« Il n’était pas armé pour répondre aux histoires de Jude, parce que la plupart constituaient des histoires auxquelles il ne pouvait pas répondre » : le trouble de Willem face aux multiples drames peu à peu révélés par Jude, tant ce dernier demeure longtemps incapable de verbaliser ce qu’il a traversé, est celui que Hanya Yanagihara transmet à ses lecteurs dans Une vie comme les autres.
Ce roman somme, de plus de 800 pages dans sa version française, récemment publié par les éditions Buchet Chastel dans une traduction d’Emmanuelle Ertel, est un tour de force, dévastateur et perturbant.

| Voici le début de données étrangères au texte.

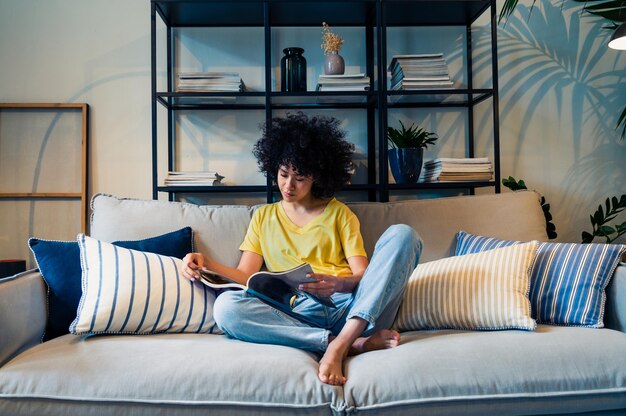 Belle femme latino à la maison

Tout pourrait être résumé simplement : quatre jeunes gens, Willem, Jude, JB et Malcolm se sont rencontrés à la fac. Tout les sépare en apparence, tout les réunit de manière inextricable. Malcom souhaite devenir architecte, Willem acteur, JB artiste et Jude avocat. Ils se sont installés à New York et visent une réussite éclatante, selon le canevas topique des romans d’apprentissage. Mais le roman de genre est rapidement déconstruit par Hanya Yanagihara, la romancière se concentrant peu à peu sur le centre à la fois omniprésent et fuyant de son récit : Jude qui est l’aimant du quatuor comme l’énigme de ce roman qui dépasse toute logique, par son épaisseur comme par son ambition — ce qui explique en partie son succès international puisque A Little Life est désormais traduit en plus de 23 langues.
Une petite vie, donc, comme les autres ajoute le titre français, est la mesure singulière d’une épopée collective, minutieusement croquée de l’installation des amis à New York à la fin tragique de deux d’entre eux. Tout commence Lispenard Street, « rue située au sud du Canal qui, à peine plus longue qu’une allée, s’étendait sur deux pâtés de maisons ». Telle est la dynamique romanesque d’Une vie comme les autres : déployer le démesuré depuis le minuscule, que cette échelle touche la biographie, le présent ou même le registre pathétique du roman. L’histoire collective, l’ampleur de la chronique se tissent autour de points, comme dans le tableau de Pollock à l’origine de la vocation artistique de JB, Number 31.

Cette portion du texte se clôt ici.